## Task instructions
Restate all of the following data exactly, keeping any images out of the copy.

## Dataset extract
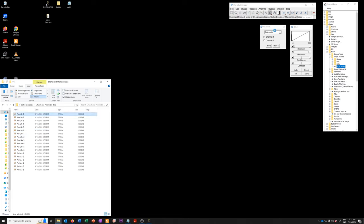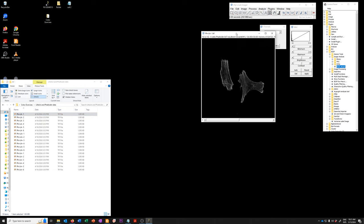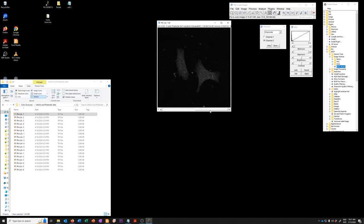So if I open one of the negative controls, the first channel is phalloidin where you can see the filamentous actin, the second channel is LIFACT and this is just background levels of signal in the absence of LIFACT.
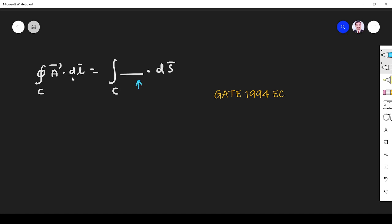So you see the integration relates line and surface integral, right? It is line and surface integral. Which theorem relates line and surface integral? Stokes theorem.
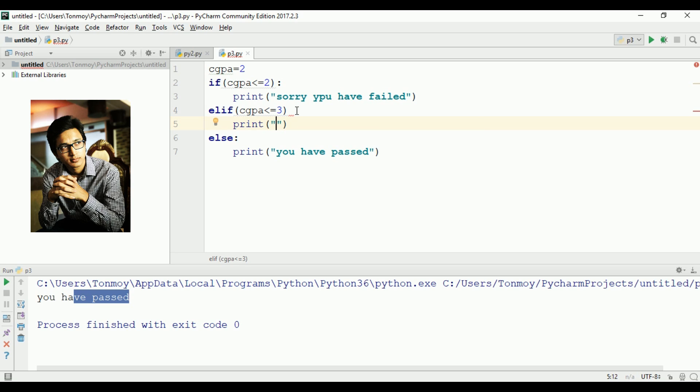And add the else statement for good results.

## Response area
So if I open one of the negative controls, the first channel is phalloidin where you can see the filamentous actin, the second channel is LIFACT and this is just background levels of signal in the absence of LIFACT.
So you see the integration relates line and surface integral, right? It is line and surface integral. Which theorem relates line and surface integral? Stokes theorem.
And add the else statement for good results.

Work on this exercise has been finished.